Teachable vs. Learnworlds
The main difference between Teachable and LearnWorlds is learner experience. LearnWorlds is a bigger platform with more features. This includes more tools for marketing and sales funnels. And more advanced analytics. But most importantly, it puts a much bigger emphasis on student engagement. This includes the ability to create interactive videos. With AI-generated learning checkpoints, summaries, and live quizzes. And social learning tools that let you embed discussion tasks in any learning resource.

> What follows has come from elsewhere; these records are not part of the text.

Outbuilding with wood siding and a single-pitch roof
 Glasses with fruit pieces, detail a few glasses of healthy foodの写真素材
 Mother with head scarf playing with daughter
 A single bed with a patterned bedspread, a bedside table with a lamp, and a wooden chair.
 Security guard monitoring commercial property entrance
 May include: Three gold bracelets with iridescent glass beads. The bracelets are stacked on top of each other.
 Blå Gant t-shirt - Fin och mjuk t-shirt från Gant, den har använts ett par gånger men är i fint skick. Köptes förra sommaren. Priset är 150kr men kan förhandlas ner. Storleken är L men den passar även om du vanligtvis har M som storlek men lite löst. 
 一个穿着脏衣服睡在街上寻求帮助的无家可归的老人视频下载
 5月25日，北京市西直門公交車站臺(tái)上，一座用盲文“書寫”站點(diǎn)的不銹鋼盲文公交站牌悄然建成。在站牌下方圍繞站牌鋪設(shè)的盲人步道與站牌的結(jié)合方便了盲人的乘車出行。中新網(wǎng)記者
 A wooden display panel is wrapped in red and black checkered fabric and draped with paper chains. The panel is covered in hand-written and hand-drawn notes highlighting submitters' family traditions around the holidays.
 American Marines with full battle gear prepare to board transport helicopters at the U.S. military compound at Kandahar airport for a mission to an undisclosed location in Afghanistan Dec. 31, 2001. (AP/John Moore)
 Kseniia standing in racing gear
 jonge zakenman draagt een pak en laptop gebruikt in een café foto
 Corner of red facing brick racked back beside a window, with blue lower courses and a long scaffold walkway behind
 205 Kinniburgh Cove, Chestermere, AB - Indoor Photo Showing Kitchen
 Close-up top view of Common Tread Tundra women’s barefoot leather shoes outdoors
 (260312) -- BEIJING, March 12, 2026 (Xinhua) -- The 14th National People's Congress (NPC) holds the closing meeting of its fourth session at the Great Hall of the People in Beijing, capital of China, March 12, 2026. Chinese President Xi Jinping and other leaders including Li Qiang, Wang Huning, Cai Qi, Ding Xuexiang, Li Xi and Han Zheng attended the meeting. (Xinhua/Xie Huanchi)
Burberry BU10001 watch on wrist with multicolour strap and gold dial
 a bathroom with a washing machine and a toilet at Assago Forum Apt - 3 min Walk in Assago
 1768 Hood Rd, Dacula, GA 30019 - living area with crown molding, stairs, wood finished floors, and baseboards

These are great tools. But they’re pricey to unlock. LearnWorlds’ cheapest plans stick to basic features. Its Starter plan charges a fixed $5 commission fee per sale. And limits you to a three-page website. If you’re starting out, Teachable’s simplicity wins the day. LearnWorlds makes sense for larger businesses looking for advanced course and marketing features.
Compare Teachable and Learnworlds in our review of the best online course platforms.
Teachable vs. Podia
The main difference between Teachable and Podia is what they specialize in. Podia is not a specialist course platform. It’s designed for creating and selling digital products, including courses.
Not many platforms can claim to be easier to use than Teachable. Podia gives it a run for its money. Where it beats Teachable is its course and web page builders. Teachable relies on doing a lot of the building for you. With simple tools to tweak things. Podia has much more flexible no-code editors. Its customizable section templates give you much more freedom with design. Another benefit is that Podia has more email marketing tools.
But because it’s not a specialist online learning platform, Podia falls short in some areas. Its only assessment feature is basic quizzes. And it doesn’t give you much help with tracking student progress. Teachable is a much stronger platform in both these areas.